### REQUIREMENT
Each line in the material below, starting at the one with "Винный шкаф Dometic" and ending at the one with "Kitnet / Stúdio", is to be reproduced exactly; no picture is to be copied.

### DATA FOR THE TASK
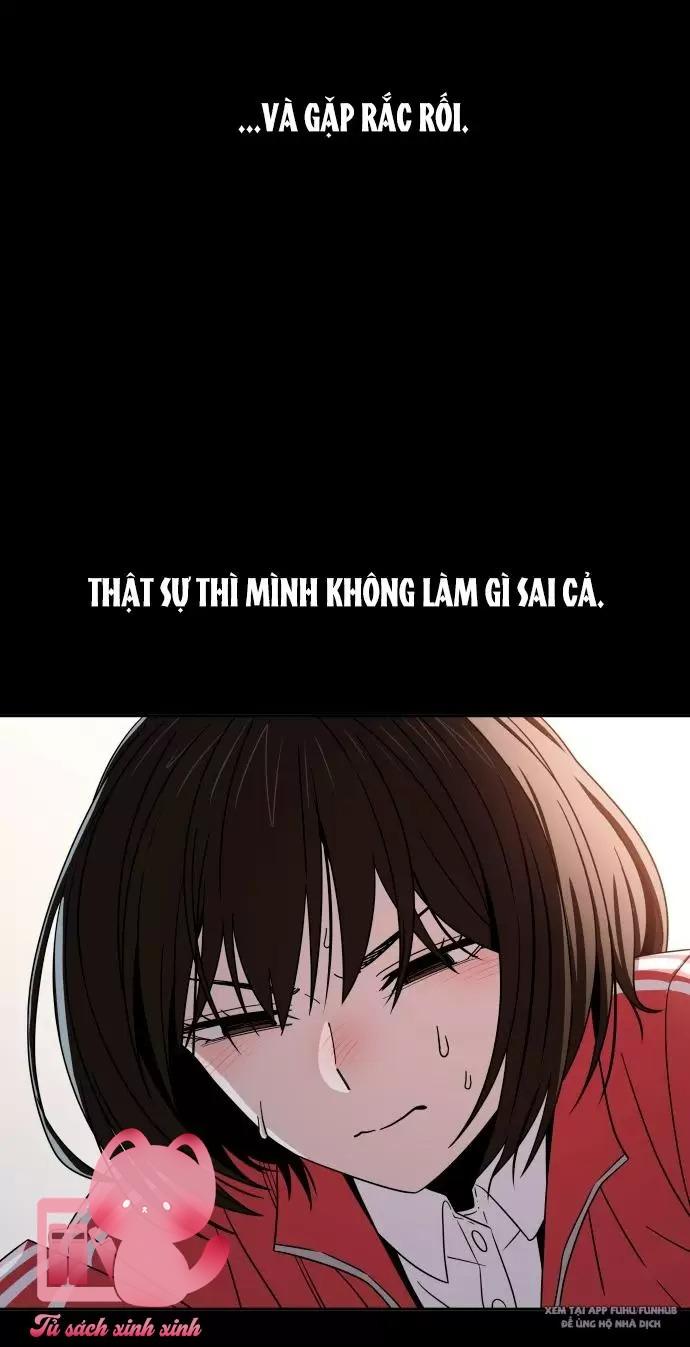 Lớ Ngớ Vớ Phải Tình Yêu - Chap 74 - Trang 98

--

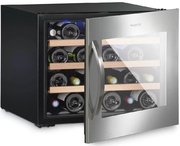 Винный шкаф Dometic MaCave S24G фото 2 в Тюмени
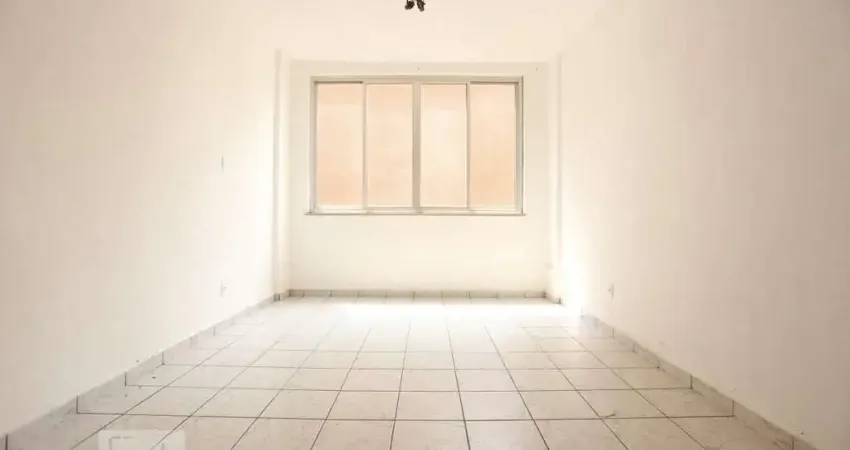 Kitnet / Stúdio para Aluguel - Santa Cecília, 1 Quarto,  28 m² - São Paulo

### WRITTEN ANSWER
 Винный шкаф Dometic MaCave S24G фото 2 в Тюмени
 Kitnet / Stúdio para Aluguel - Santa Cecília, 1 Quarto,  28 m² - São Paulo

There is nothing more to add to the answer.